В груди его, однако, тотчас неприятно екнуло. Кто такой этот загадочный Сергей Сергеевич, передающий письма через посредников, Субботин догадался сразу. О странном «самоубийстве» Ветра он, разумеется, уже знал и более того – получив известие, лично выехал на место происшествия, полюбоваться на распластанный на ступеньках гостиницы труп. Поэтому привет с того света Субботина явно не обрадовал. Такие сюрпризы не сулят ничего хорошего. От них несет за версту неприятностями. Субботин занервничал. Рявкнул нарочито грубо:
– Послушайте! Как вас там?!
– Зовите меня просто Иван, – представился хранящий полное спокойствие собеседник. – Я беспокою вас, потому что дядя, прежде чем отбыть в длительную командировку, оставил мне на хранение кое-какие свои личные вещи. В том числе конверт с вашими семейными фотографиями. Точнее – с негативами. И попросил передать их вам. Вы хотите их забрать, Лев Борисович? Мне они, сами понимаете, ни к чему…

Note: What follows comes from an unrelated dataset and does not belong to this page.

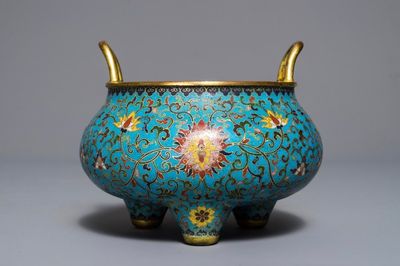 Een Chinese cloisonné wierookbrander, Qianlong merk, 18/19e eeuw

– Что за фотографии? Не морочьте мне голову! – глухо буркнул Субботин. Сердце мента предательски екнуло. Подполковник понял: сейчас его будут иметь. Во всех возможных позах. Попросту – шантажировать. На этого неизвестного бандита из челяди Ветра их тайная договоренность с вором не распространялась. А это значит, что ради спасения своей шкуры придется делать стойку и вилять хвостиком, выполнив все возможные условия. Как этот наглец «Иван» заполучил негативы покойного Ветра, уже не суть. Проблема в другом – острый крючок, на котором, не забывая регулярно подносить гражданину начальнику сладкие коврижки и деньгами, и «натурой», крепко держал его старик, следовало вырвать, раз и навсегда. Даже, что называется, с мясом. Субботин не сомневался – появление в особом отделе НКВД столь убойного компромата, как эти проклятые негативы, идет для него, истинного большевика-ленинца и служаки с безупречной репутацией, равнозначно пуле в затылок. Времена сейчас суровые. Долгих разбирательств не будет. В лучшем случае – лагерь. Лет на пятнадцать.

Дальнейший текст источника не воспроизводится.